Alice leads her out of the stairwell and into a long hallway with scummy grey carpeting and narrow doors painted the same dull green of the stairs. Apartment 422 lies at the end of the hall, the door's deadbolt kicked out to keep the door propped open.

Inside it has the look of something cobbled together in fits and starts, not decorated so much as occupied. The bookshelf dominating the main room is so crammed with books it looks like it might burst.
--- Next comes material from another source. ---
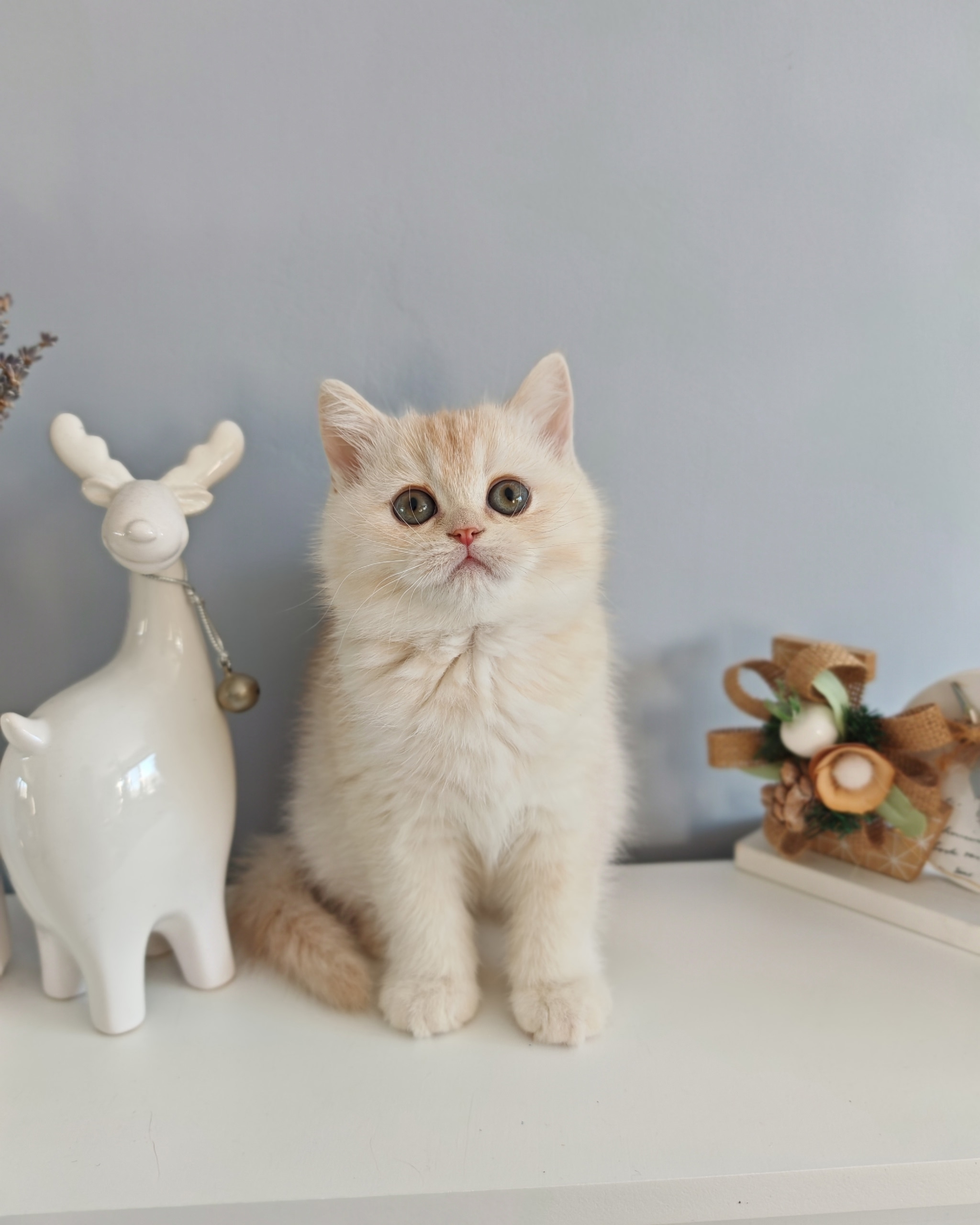 MH3GJ614geex-IwicRXPws74zG9xnhAxcvbHVCVg8eQQKimu4CEqGOd7miYrBz7M_IDaOeO3o11ds6qsS8latggT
There's a pair of mismatched armchairs with a scratched card table bearing a chessboard set up between them; in one of the chairs sits a girl, maybe nine or ten, with a blanket draped over her shoulders and a pillow clutched against her torso, a Dora the Explorer doll tucked at her side. She's pale, tired-looking, but smiles when they come in.

"Hi, Mom," she says. Then, glancing at Alyssa, "Who're you?"
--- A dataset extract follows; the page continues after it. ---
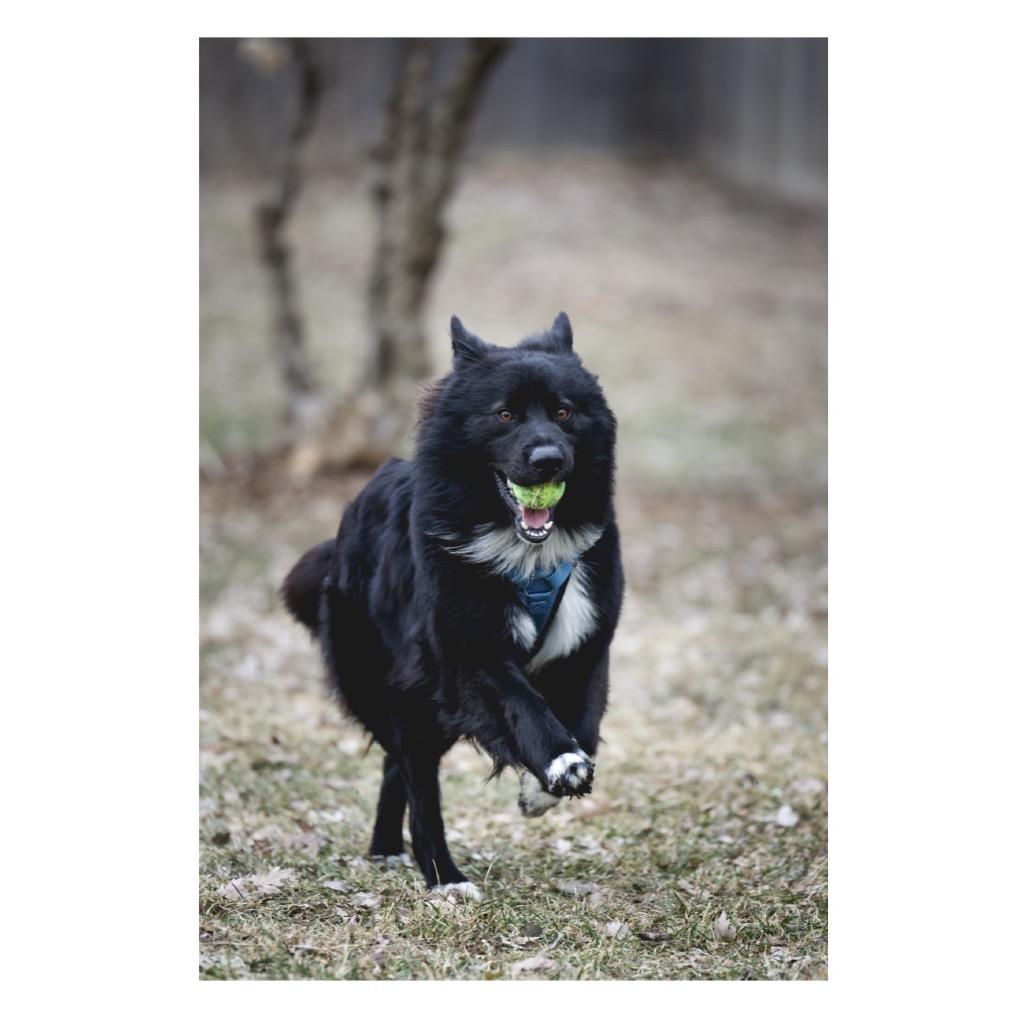 Enlarge Leo, a Adoptable mixed breed in Crystal, MN image 3/3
"Chloe, this is Alyssa—Ms. Ruskin's daughter." Alice plucks a keychain off a hook by the door and steps further into the apartment to kiss the top of Chloe's head while Alyssa looks away, feeling awkward again. "Where's Edwina?"

"She lost," Chloe says, "so she went to make tea."

"Mm. Well, I'm gonna show Alyssa her mom's apartment, okay? We shouldn't be long."

"Okay." Chloe's gaze drifts back to Alyssa; her eyes are the same dark brown as Alice's, though tight and foggy with pain. "Say hi to the begonias for me."

"We'll do that," Alice says, and waves Alyssa back out outside.

"The begonias?" Alyssa says as the door swings shut.

"It's a joke. You know, like the talking flowers in Through the Looking Glass?"

"Oh."

Alison's apartment lies at the other end of the hall, past the stairwell and around a corner. Number 402. Inside it's all clean cream walls and photo prints. Skylines, harbor views, aged buildings framed by park trees, starlight glittering on still water… Scattered between the photos are prints of Wonderland illustrations and pressed flowers. Potted plants war with gardening books for space on a set of white shelves, which stand opposite a couch upholstered in powder-blue. An oval rag rug occupies most of the floor.

"So," Alice says as she follows Alyssa inside, "her writing desk is in the bedroom. Uh, down the hall, last door on the right. There's an envelope in the middle drawer with your name on it."

"What's inside?"

"No idea." She smiles fleetingly. "Mind if I do the plants while you check it out?"

"That's fine," Alyssa says, although—if she's honest—she'd rather not go in alone.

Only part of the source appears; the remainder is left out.